Short web captions:
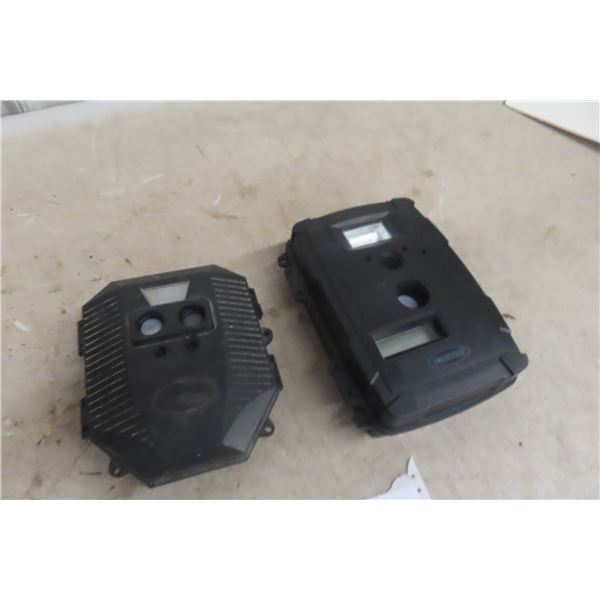 Two Game Cameras: Wildgame And Moultrie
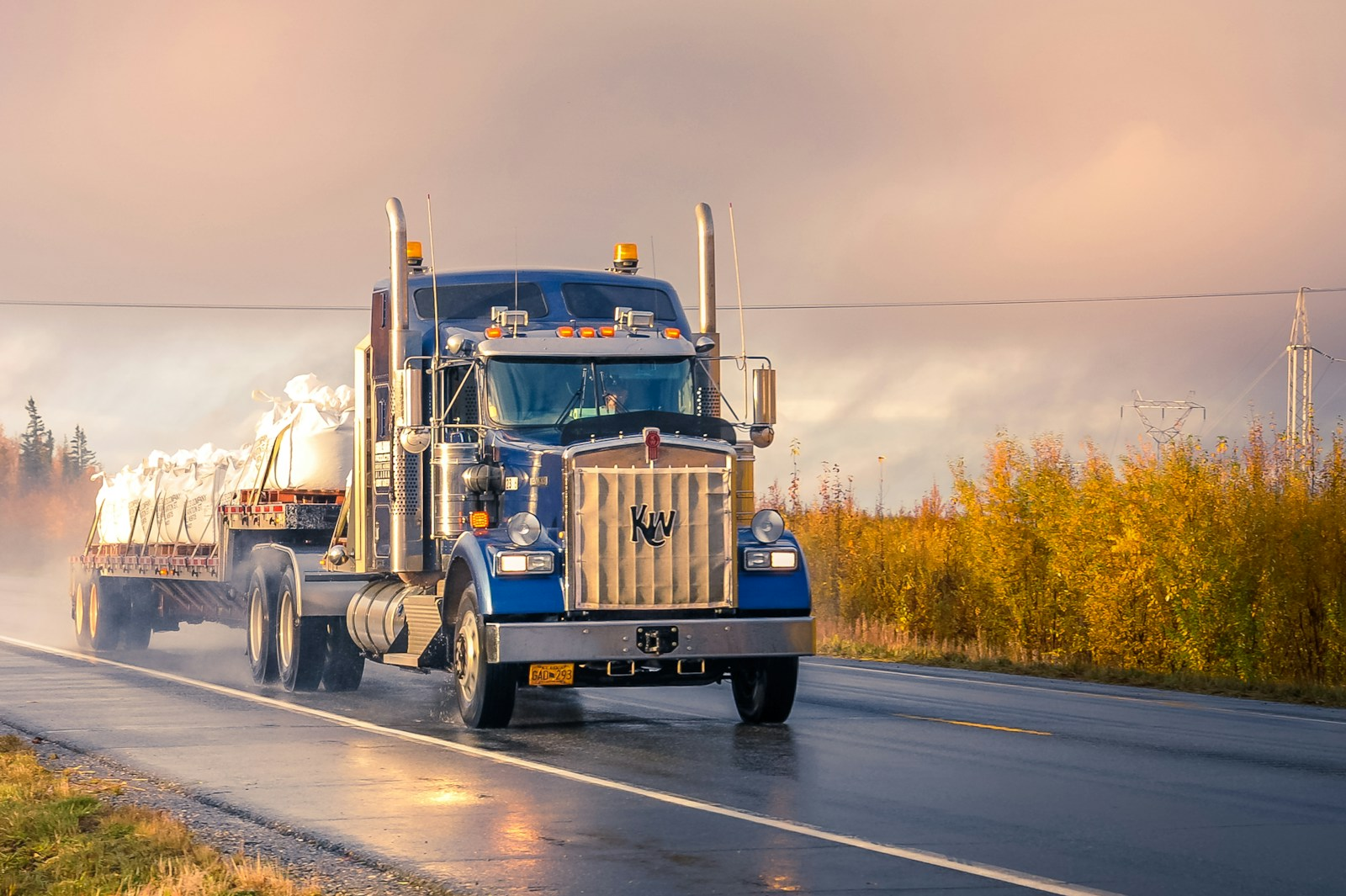 A truck driver in the cab of a big rig, representing the future of truck driving careers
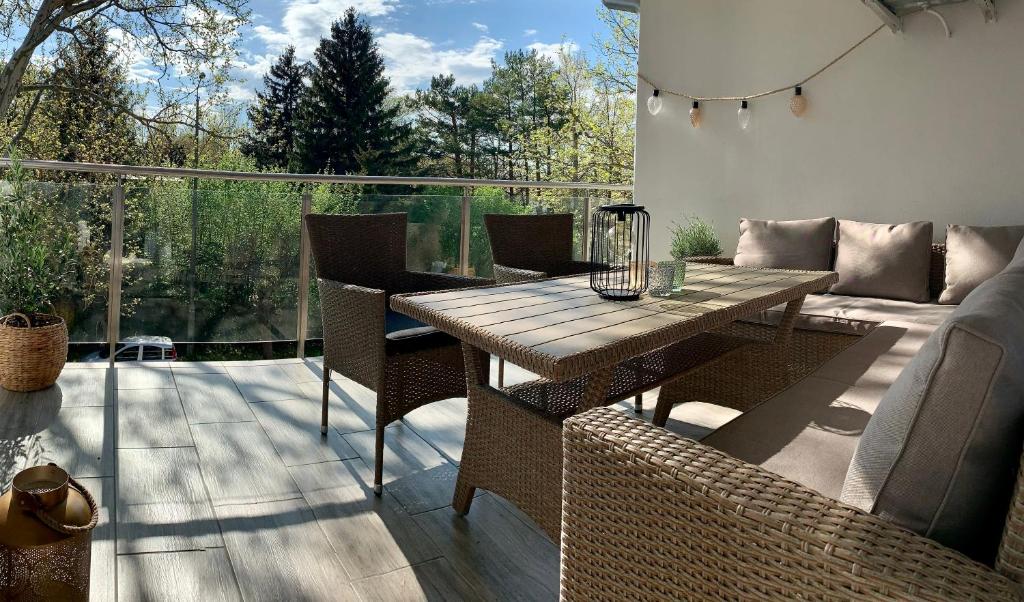 a patio with a table and chairs on a deck at South Part Zamárdi in Zamárdi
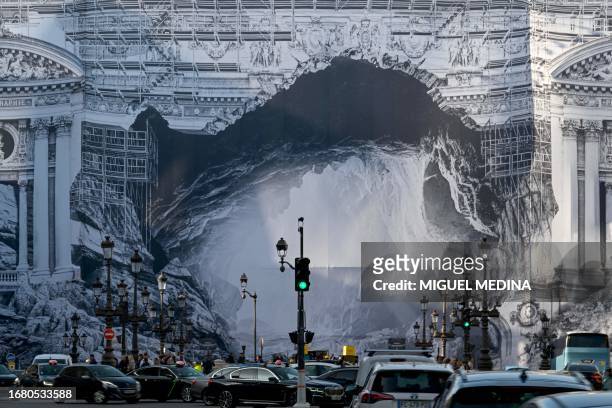 People drive past an installation by French artist JR, depicting the philosophical allegory of Plato's cave, covering part of the facade of the Opera...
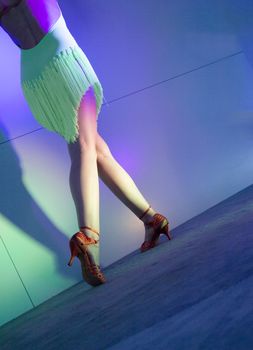 Woman with green dress dancing latin dance 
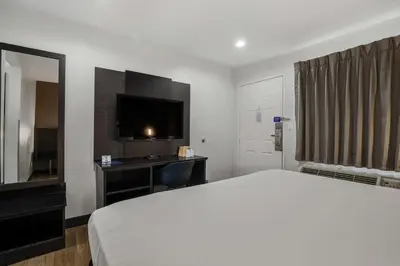 a hotel room with a bed and a television at Motel 6-Escondido, CA in Escondido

INSTRUCTIONS FOR THE TASK: Take the line containing "Woman with green dress dancing latin dance" and every line after it up to the end of the data, and write them out exactly, without the pictures.

ANSWER TO THIS EXERCISE:
 Woman with green dress dancing latin dance 
 a hotel room with a bed and a television at Motel 6-Escondido, CA in Escondido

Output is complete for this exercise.